Data to process:
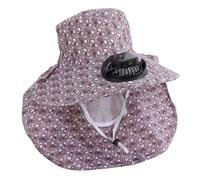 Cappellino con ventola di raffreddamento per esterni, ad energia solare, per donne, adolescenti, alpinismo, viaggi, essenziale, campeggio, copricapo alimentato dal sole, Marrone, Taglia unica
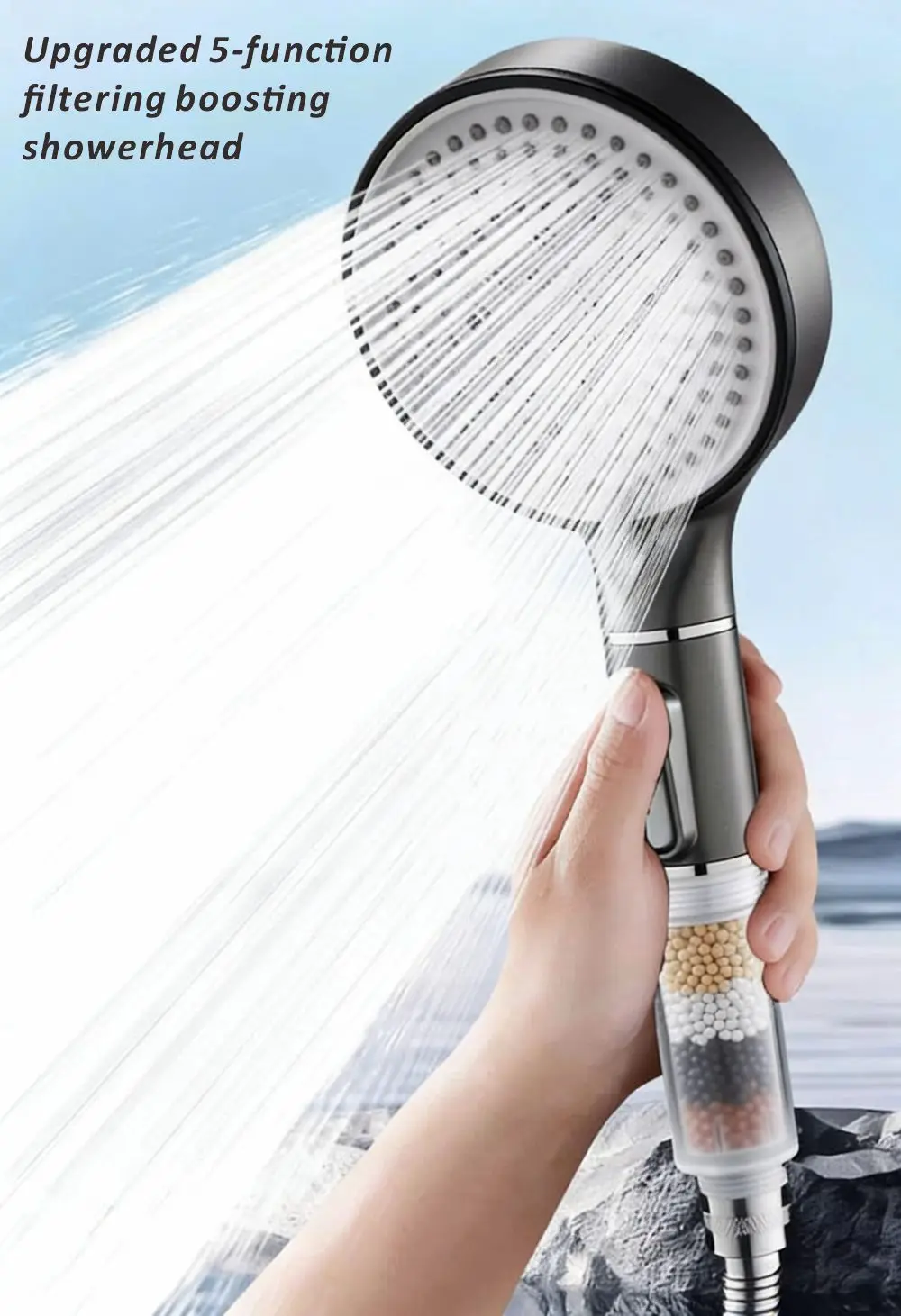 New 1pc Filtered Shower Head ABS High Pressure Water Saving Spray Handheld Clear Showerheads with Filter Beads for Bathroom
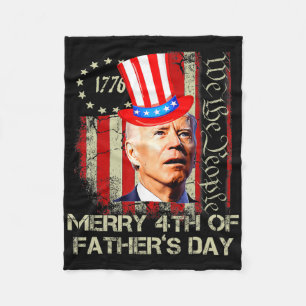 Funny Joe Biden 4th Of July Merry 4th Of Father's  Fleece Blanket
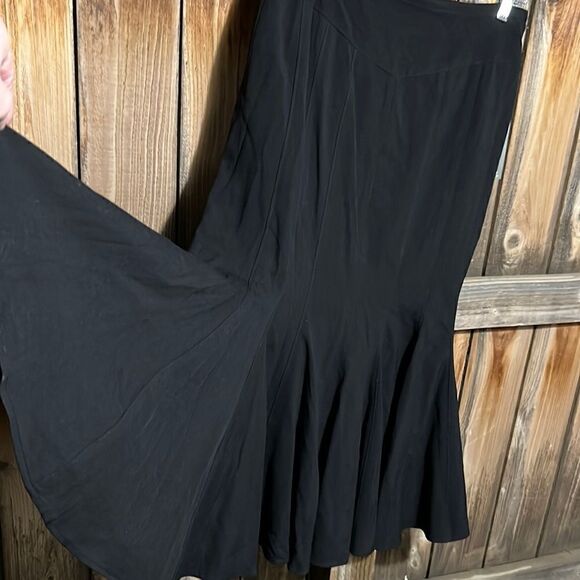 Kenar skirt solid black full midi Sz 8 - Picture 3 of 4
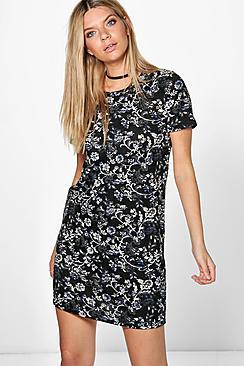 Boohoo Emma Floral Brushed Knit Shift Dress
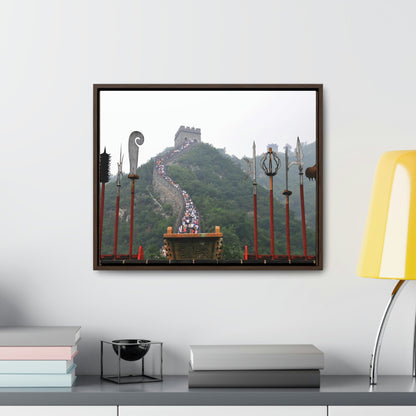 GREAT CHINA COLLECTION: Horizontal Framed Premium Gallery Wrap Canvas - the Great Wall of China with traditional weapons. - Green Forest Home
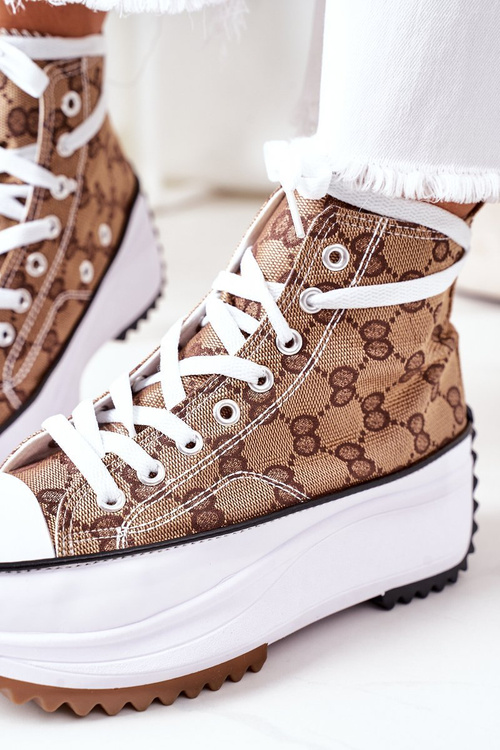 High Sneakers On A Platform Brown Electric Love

---

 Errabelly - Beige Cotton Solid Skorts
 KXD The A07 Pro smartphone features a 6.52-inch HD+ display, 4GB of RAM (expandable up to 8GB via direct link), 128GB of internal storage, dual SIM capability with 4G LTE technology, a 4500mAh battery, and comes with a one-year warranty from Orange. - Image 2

What is being asked: Exactly the lines above from the one that contains "Funny Joe Biden" down to the one that contains "High Sneakers On" are to be output, both ends kept and pictures omitted.

Exercise result:
 Funny Joe Biden 4th Of July Merry 4th Of Father's  Fleece Blanket
 Kenar skirt solid black full midi Sz 8 - Picture 3 of 4
 Boohoo Emma Floral Brushed Knit Shift Dress
 GREAT CHINA COLLECTION: Horizontal Framed Premium Gallery Wrap Canvas - the Great Wall of China with traditional weapons. - Green Forest Home
 High Sneakers On A Platform Brown Electric Love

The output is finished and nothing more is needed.